A character’s suspicions about a mysterious tapping noise turn into a thriller about the horrors of isolation.

Grief has left Molly (Cecilia Milocco) in a fragile state in “Knocking,” a new psychological thriller from Sweden by the director Frida Kempff.

After losing her lover in a tragic event at a beach, Molly spent time in a psychiatric ward, and her recovery in her new apartment is touch-and-go. Kempff spins Molly’s suspicions about a mysterious tapping noise into an insistent entry in the horrors of breakdown and isolation.

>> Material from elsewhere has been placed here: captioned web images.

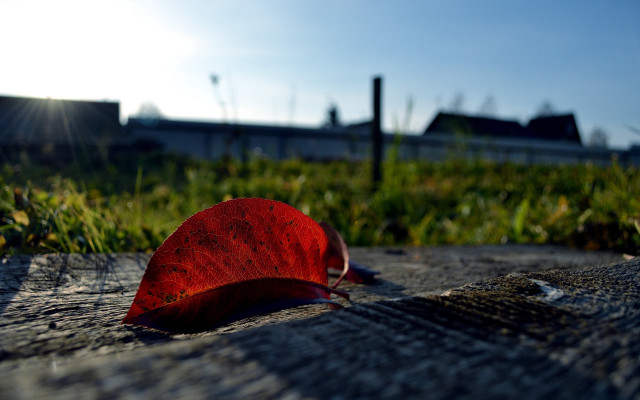 Red leaf grass fence building #2 free wallpaper for desktop - medium preview image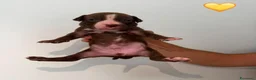 Pitbull cani in vendita: Cuccioli pitbull - Annuncio 7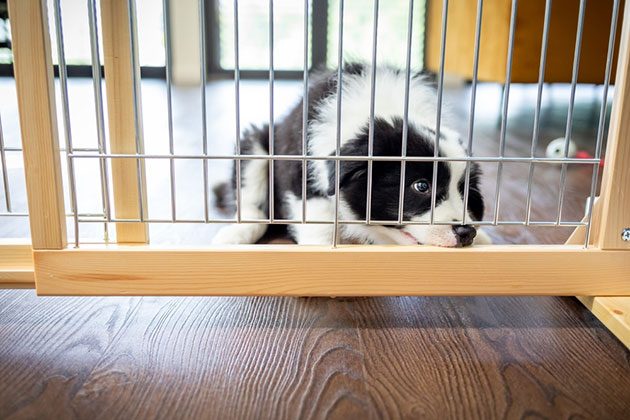 best indoor Fence for dog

Molly lives alone but her real solitude comes from having neighbors and a superintendent who look at her funny when she asks about the noises in the building. There’s a kindly grocer and a sympathetic police officer, but otherwise Molly is portrayed as living in a mental hellscape: First a depressive stultifying stillness, her curtains drawn and house cluttered, and then a panicked spiral played up with canted angles, tinted lighting and vertiginous camerawork (care of the Snorricam, a rig mounted directly on the actor).

Pulling off this claustrophobic level of immersion requires better orchestration than Kempff’s drawn-out buildup. “Knocking” unnerves more when landing on singular imagery: a bird scrambling for footing on a metal railing, or, in one wild shot, blood droplets on a cellphone screen showing a yowling fox. Milocco’s face is a sea of balled-up tension but it’s tough for her to sustain this perpetually disbelieved character within a confining screenplay that retreads its beats.

What could be described as a story about gaslighting is complicated by the liberal use of eccentric camera perspectives that seem less aligned with expressing Molly’s distress than with pushing suspense. The film does strike one long, nerve-jangling note, but the style leaves Molly with nowhere to run.

Knocking
Not rated. In Swedish, with subtitles. Running time: 1 hour 18 minutes. In theaters.